* [TASK INSTRUCTIONS]
Repeat each line of the material exactly.
::: DATA SEGMENT :::
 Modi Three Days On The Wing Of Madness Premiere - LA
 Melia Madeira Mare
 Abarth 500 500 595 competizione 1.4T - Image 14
:::
* [RESPONSE TO THIS TASK]
 Modi Three Days On The Wing Of Madness Premiere - LA
 Melia Madeira Mare
 Abarth 500 500 595 competizione 1.4T - Image 14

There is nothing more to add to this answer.